The independent centrist Emmanuel Macron has topped the first round of the French presidential election and will face the far-right Front National’s Marine Le Pen in the head-to-head run-off vote.
Macron, 39, a political novice, is the favourite to be elected France’s next president. He is the youngest ever French presidential hopeful and has never run for election before.
After the UK vote to leave the European Union and the US vote for the political novice Donald Trump, the French presidential race is the latest election to shake up establishment politics by kicking out the figures who stood for the status quo.
The historic first-round result marked the rejection of the ruling political class.
It was the first time since the postwar period that the traditional left and right ruling parties were both ejected from the race in the first round.
France’s two political outsiders – the progressive, pro-business and socially liberal Macron and the anti-immigration, anti-EU, far right Le Pen – will face off on 7 May in a vote that will redraw French politics and could define the future direction of Europe.
Socialist prime minister Bernard Cazeneuve led appeals from across the political spectrum to support Macron and block Le Pen, who he said represented “regression and division” for France.
The scandal-hit right wing candidate Francois Fillon, who was knocked out of the race, said he would also vote for Macron because the Front National “has a history known for its violence and intolerance” and its economic and social programme would lead France to bankruptcy.
Macron, a former investment banker, who had been a chief adviser and then economy minister to the Socialist president Francois Hollande, is not a member of any political party.
He quit government last year and launched his own political movement, En Marche! (on the move), that was “neither left nor right”, promising to “revolutionise” what he called France’s vacuous and decaying political system.
Speaking in front of an ecstatic and raucous crowd in Paris, Macron said of his fledgling political movement: “In one year we have changed the face of French political life.”
He said he represented optimism and hope.

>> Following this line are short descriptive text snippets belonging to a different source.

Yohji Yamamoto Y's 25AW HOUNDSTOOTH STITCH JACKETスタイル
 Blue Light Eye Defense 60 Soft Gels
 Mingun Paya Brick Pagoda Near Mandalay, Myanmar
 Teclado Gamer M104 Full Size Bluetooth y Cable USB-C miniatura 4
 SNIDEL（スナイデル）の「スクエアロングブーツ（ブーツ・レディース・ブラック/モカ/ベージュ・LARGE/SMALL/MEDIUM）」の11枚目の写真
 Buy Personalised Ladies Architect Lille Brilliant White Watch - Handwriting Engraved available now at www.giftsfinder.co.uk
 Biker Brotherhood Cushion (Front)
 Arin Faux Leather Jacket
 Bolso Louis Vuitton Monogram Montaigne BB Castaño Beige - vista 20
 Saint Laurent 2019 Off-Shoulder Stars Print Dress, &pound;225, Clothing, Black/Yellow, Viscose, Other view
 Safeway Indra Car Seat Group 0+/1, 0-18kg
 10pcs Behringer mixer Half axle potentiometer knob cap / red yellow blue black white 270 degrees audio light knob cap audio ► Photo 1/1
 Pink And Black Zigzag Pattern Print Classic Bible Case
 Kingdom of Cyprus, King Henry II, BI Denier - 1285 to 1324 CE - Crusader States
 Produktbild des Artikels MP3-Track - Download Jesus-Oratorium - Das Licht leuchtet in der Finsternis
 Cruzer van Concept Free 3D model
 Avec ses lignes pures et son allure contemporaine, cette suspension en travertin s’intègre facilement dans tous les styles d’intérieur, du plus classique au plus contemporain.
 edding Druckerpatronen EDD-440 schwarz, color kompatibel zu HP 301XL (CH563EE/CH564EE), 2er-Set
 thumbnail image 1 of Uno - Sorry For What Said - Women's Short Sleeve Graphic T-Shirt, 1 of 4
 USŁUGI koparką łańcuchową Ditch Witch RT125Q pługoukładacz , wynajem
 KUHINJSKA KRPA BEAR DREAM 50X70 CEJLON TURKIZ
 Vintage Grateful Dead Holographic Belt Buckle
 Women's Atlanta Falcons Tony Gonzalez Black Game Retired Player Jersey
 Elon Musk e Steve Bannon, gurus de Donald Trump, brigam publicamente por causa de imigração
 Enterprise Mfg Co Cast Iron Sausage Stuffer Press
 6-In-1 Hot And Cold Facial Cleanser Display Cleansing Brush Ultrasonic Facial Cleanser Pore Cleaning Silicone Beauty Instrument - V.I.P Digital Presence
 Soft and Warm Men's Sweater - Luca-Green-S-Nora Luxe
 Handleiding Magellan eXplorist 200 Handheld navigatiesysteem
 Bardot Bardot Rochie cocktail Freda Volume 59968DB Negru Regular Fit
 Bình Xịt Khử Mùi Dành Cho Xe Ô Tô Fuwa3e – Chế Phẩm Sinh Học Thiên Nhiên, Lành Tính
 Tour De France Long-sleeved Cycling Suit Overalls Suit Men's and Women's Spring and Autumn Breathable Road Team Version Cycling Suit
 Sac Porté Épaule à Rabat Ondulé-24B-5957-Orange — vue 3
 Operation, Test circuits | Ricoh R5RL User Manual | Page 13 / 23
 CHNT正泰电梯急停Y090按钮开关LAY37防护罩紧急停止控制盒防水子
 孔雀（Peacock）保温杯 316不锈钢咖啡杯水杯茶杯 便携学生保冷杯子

In a dig at Le Pen, he said he would be a president of patriots against the nationalist threat.
Le Pen’s place in the final round cements her party’s steady rise in French politics. The Front National has made steady gains in every election since she took over leadership from her father, Jean-Marie Le Pen, in 2011.
Le Pen ran a hardline campaign against immigration and promised to crack down on what she called “Islamic fundamentalism”.
While Macron’s supporters at rallies waved EU flags and he hailed the positive role of the 27-country bloc, Le Pen told supporters the EU will die. She wants to leave the euro, return to the franc, exit the Schengen agreement on free movment between EU states and close French borders.
The central message of Le Pen’s campaign was the staple of the Front National party since it was co-founded by her father in 1972: keeping France for the French.
Le Pen promised to give priority to French people over non-nationals in jobs, housing and welfare, and would hold a referendum to cement this policy into the constitution. She said she would demand extra tax from companies that employed any kind of foreign worker.
In the final days of the first round campaign, she promised to immediately suspend all legal immigration in order to assess what she called the “uncontrollable situation” of foreigners coming into France.
She promised a ban on religious symbols, including the Muslim headscarf, from all public places.
Both the rightwing Les Républicains party and the ruling leftwing Socialists, which have dominated government and French politics for decades, were knocked out of the race. They managed to take only around 25% of the vote between them.
The Macron-Le Pen final marks a redrawing of the political divide, away from the old left-right divide towards a contest between a liberal, pro-globalisation stance and “close the borders” nationalism.
As the geographer Christophe Guilluy has noted: “The rift between the global market’s winners and losers has replaced the old right-left split.”
Whoever wins the Macron-Le Pen race, the parliamentary elections that follow in June will be crucial.
The majority in the lower house will determine how a new president could govern, and France is likely to require a new form of coalition politics.
If elected president, Macron, fielding MP candidates from his fledgling movement, would have to seek a new kind of parliamentary majority across the centre left-right divide.
If Le Pen did win the presidency, she would very probably not win a parliament majority, thwarting her ability to govern.
But her party hopes to increase its MPs in the 577-seat house. Currently Le Pen has only two MPs.
Hollande’s troubled five-year term left France struggling with mass unemployment, a sluggish economy and disillusionment with the political class.
The country is more divided than ever. More than 230 people have been killed in terrorist attacks in little more than two years, as the political class questions Islam’s place in French society, and more than 3 million people are unemployed.